The Categorical Threat Landscape to Consider When Reading NASS’ Open Letter to Congress

Authored By: James Scott, Sr. Fellow, ICIT & Drew Spaniel, Researcher, ICIT

On September 26, 2016, the National Association of Secretaries of State (NASS) released an Open Letter to Congress that urged for the informed communication of facts about the security of election systems with the American public. This communique builds upon the NASS letter with open source information described in our Hacking Elections is Easy! Research Report series.

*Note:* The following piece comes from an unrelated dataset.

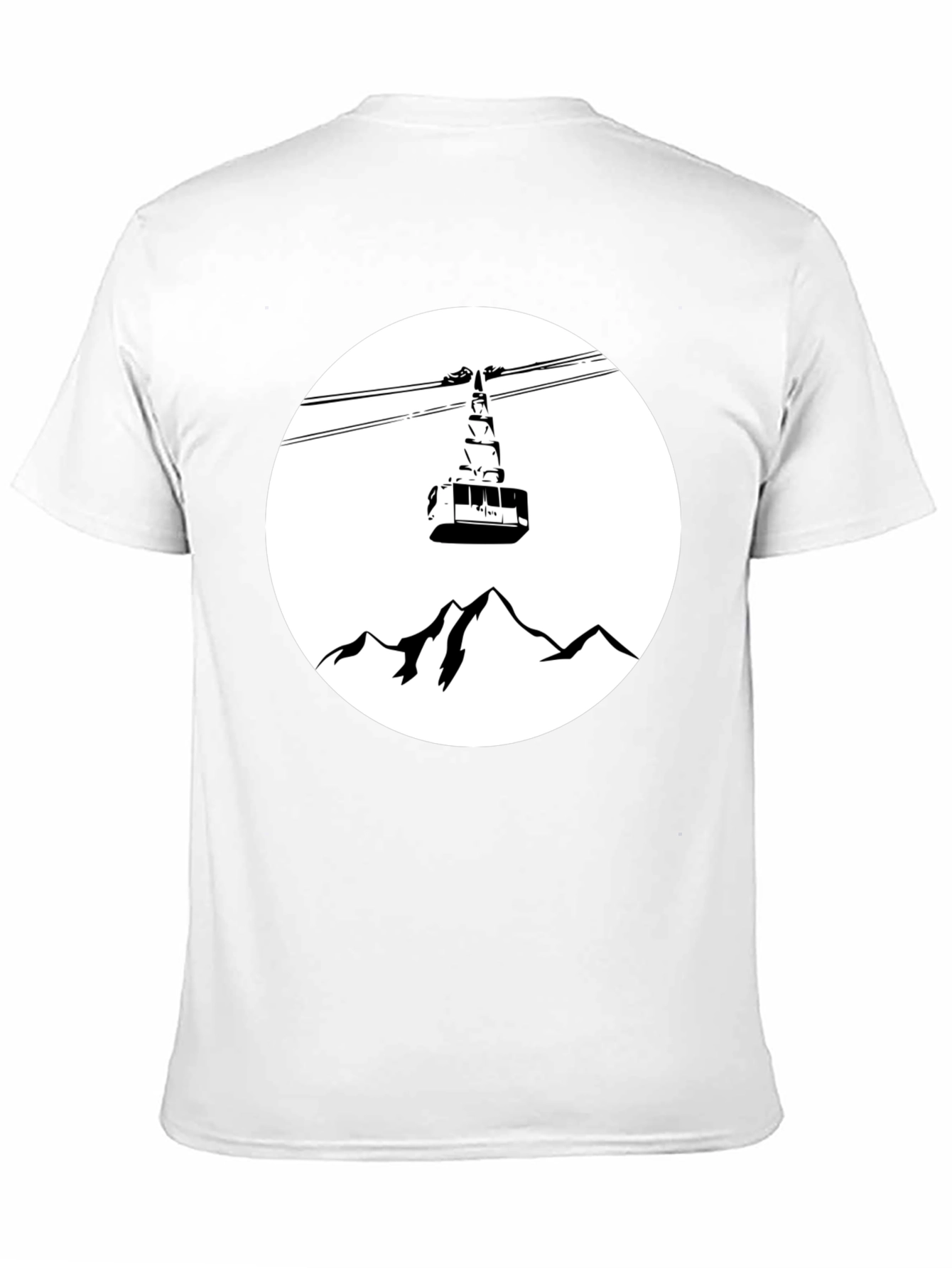 Mountain Gondola Graphic Tee - Black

After recent successful cyber-criminal exfiltrations of voter registration databases and recent cyberattacks on political organizations, attributed to Russian state-sponsored advanced persistent threat groups, State election officials are only now beginning to come to terms with the expansive hyper-evolved cyber-threat landscape surrounding United States election systems. Despite their protests that election officials are equipped to handle threats such as cyberattacks in the short and long-run, the inherent vulnerabilities built-into dilapidated black-box proprietary election systems and the substantial deficiency in cyber-hygiene among the personnel that manage elections are insurmountable obstacles without an extensive overhaul of the training and machines used in the election process, and without a considerable investment of resources.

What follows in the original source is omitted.